# Definition:Cross-Ratio

## Definition

### Points on a Line

Let $A$, $B$, $C$ and $D$ be points on a straight line.

The cross-ratio of $A$, $B$, $C$ and $D$, in that specific order, is defined as:

$\dfrac {AC / CB} {AD / DB}$

or equivalently:

$\dfrac {AC \cdot DB} {AD \cdot CB}$

It can be denoted:

$\set {A, B; C, D}$

### Lines through Origin

Let $\LL_1$, $\LL_2$, $\LL_3$ and $\LL_4$ be lines through the origin $O$ whose equations embedded in the Cartesian plane are as follows:

 $\ds \LL_1: \ \$ $\ds y$ $=$ $\ds \lambda x$ $\ds \LL_2: \ \$ $\ds y$ $=$ $\ds \mu x$ $\ds \LL_3: \ \$ $\ds y$ $=$ $\ds \lambda' x$ $\ds \LL_4: \ \$ $\ds y$ $=$ $\ds \mu' x$

The cross-ratio of $\LL_1$, $\LL_2$, $\LL_3$ and $\LL_4$, in that specific order, is defined and denoted:

$\tuple {\lambda \mu, \lambda', \mu'} := \dfrac {\paren {\lambda - \lambda'} \paren {\mu - \mu'} } {\paren {\lambda - \mu'} \paren {\mu - \lambda'} }$

### Complex Analysis

Let $z_1, z_2, z_3, z_4$ be distinct complex numbers.
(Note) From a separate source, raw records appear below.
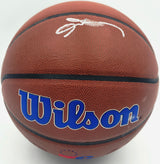 Allen Iverson Autographed Composite Leather Basketball Philadelphia 76ers Logo (Smudged) Beckett BAS Witness #3W343166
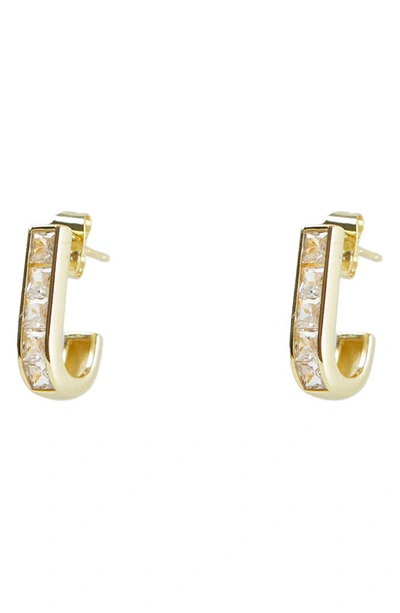 Argento Vivo Princess Cubic Zirconia Hoop Earrings In Gold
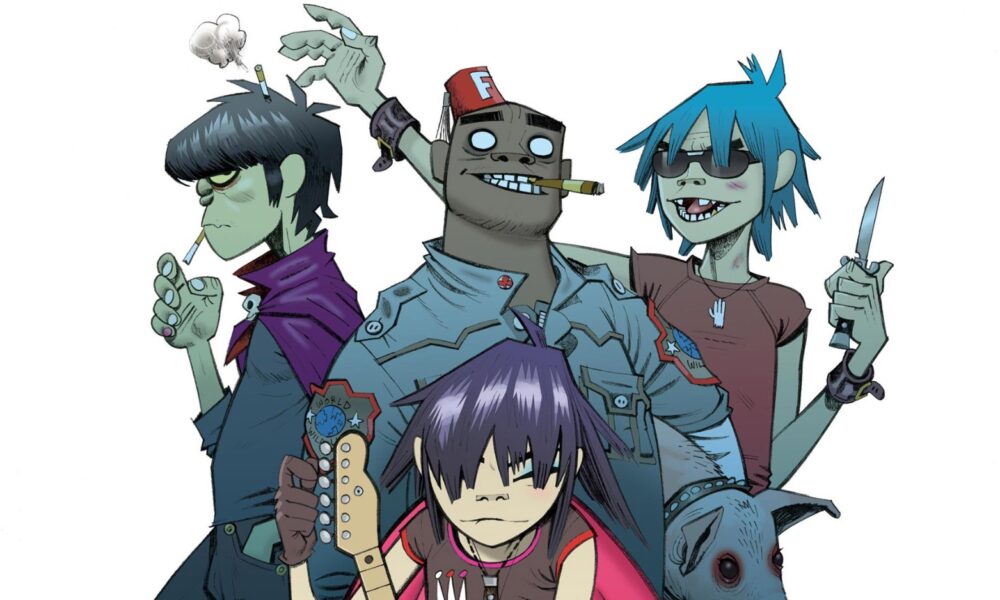 Ilustración de los personajes animados de la banda Gorillaz posando con sus instrumentos y atuendos característicos.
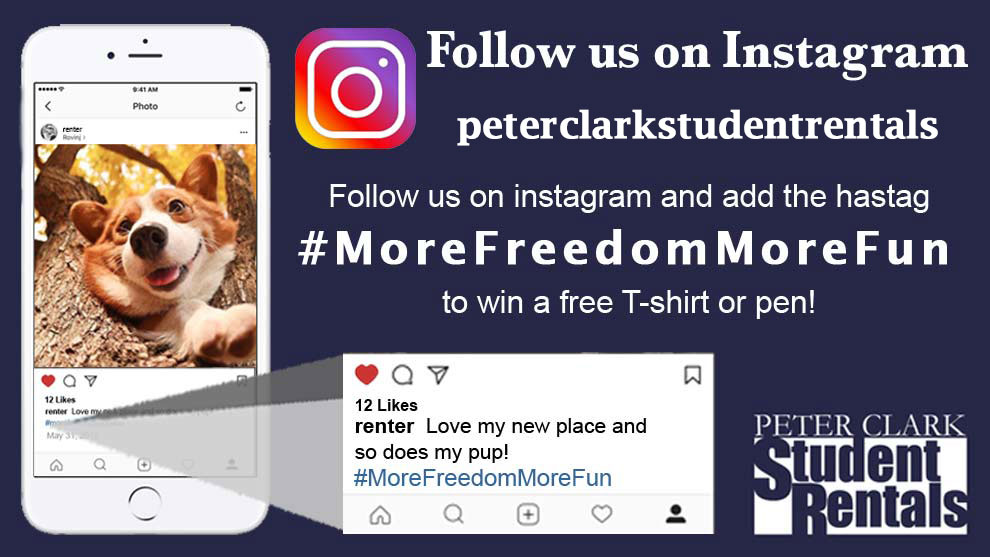 Follow @peterclarkstudentrentals on instagram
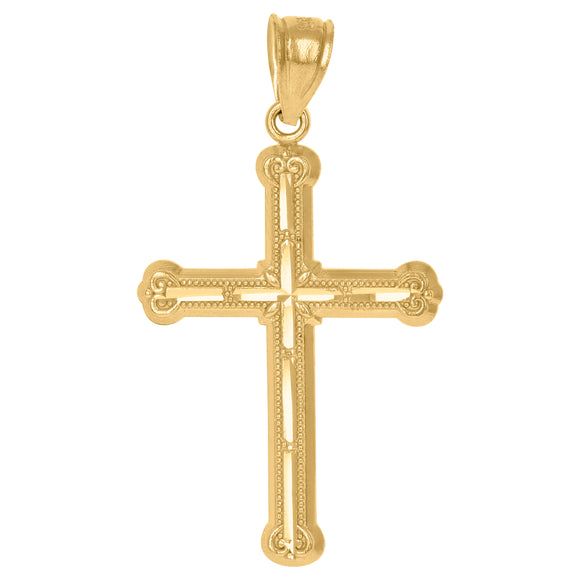 10kt Yellow Gold Unisex Cross Religious Charm Pendant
The cross-ratio of $z_1, z_2, z_3, z_4$ is defined and denoted:

$\paren {z_1, z_3; z_2, z_4} = \dfrac {\paren {z_1 - z_2} \paren {z_3 - z_4} } {\paren {z_1 - z_4} \paren {z_3 - z_2} }$

## Also known as

Some sources do not hyphenate cross-ratio, leaving it as: cross ratio.